Ce film est un condensé de génie.
D’une audace rare (nous sommes en 1933, un an avant le code Hays), il explore avec malice les subtilités du ménage à trois. Au centre, la femme, déconcertante de nonchalance, un mot qui revient souvent, muse et libre, délivrant un message féministe d’une rare puissance : « A thing happened to me that usually happens to men » : elle a à choisir parmi ses différentes conquêtes. Par la comparaison aux différents chapeau, elle fait d’eux des objets dont elle dispose.
Brillamment écrit, d’un rythme échevelé, très drôle dans ses réparties, les échanges sont des parties de ping pong où tout le monde jouit de sa place, finalement la plus naturelle.
En faisant de ses personnages des artistes miséreux, Lubitsch propose une réflexion très subtile sur l’art : l’artifice s’oppose au naturel, à savoir le désir, et plus clairement, le sexe. Gilda se veut être « the mother of arts », mais George le lui dit bien « We’re unreal, the tree of us, trying to play jokes on nature ».
Par un regard acerbe sur le reel (la scène de caricature programmatique dans le train, en ouverture), les artistes démysthifie le capitalisme naissant, raillant les publicitaires. « Sell anything you want but not me », dit Gilda à son mari en pleine soirée mondaine. « I’m sick of being a trademark married to a slogan ».

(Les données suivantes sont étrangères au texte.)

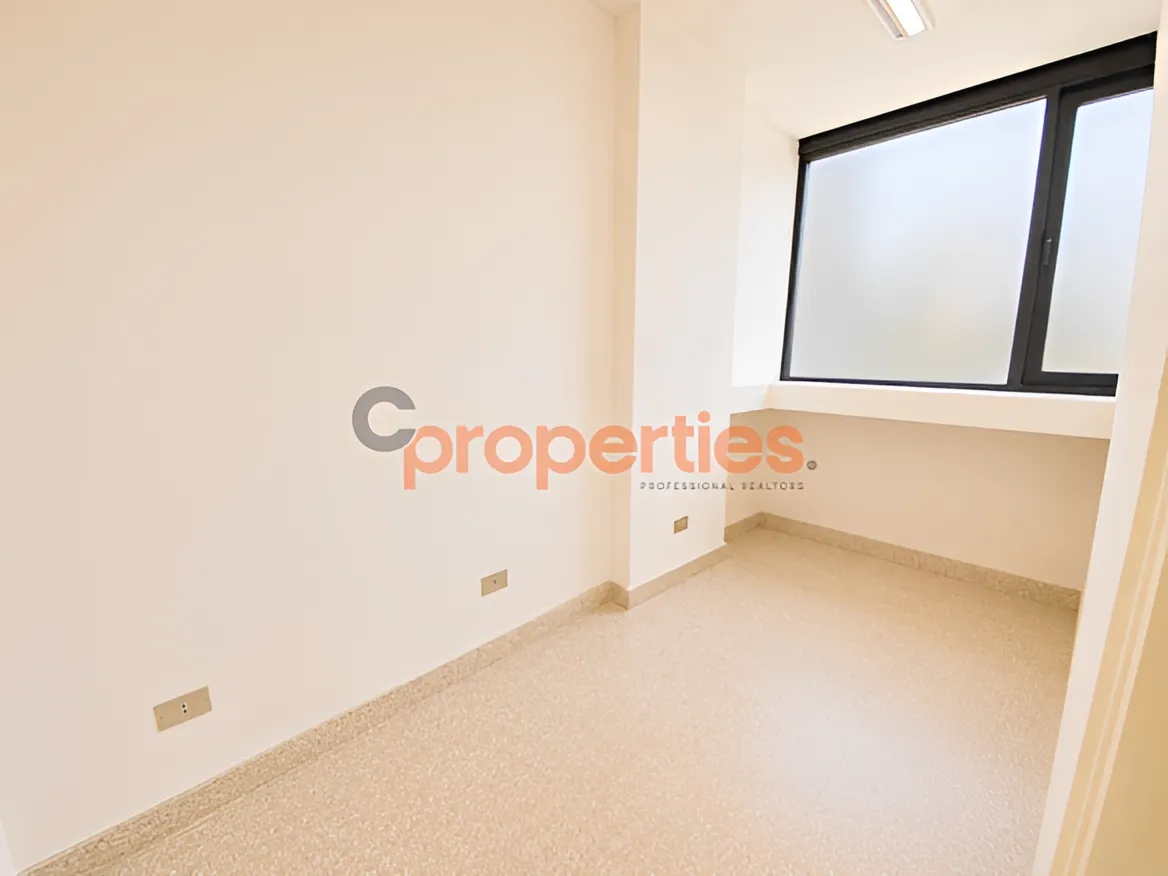 Office for Rent in Zalqa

En passant par la case mariage, on achève de briser le carcan : la chambre nuptiale se visite dans une vitrine et on mesure la largeur de l’épouse avant de lui proposer une cage personnalisée. Le final, qui explose ces cadres est absolument jubilatoire. Au fake de la vie conjugale, qu’on ne cesse de comparer à une pièce de théâtre, s’oppose la nature et la spontanéité d’un trio hors norme, brillant et d’une impertinence absolument unique.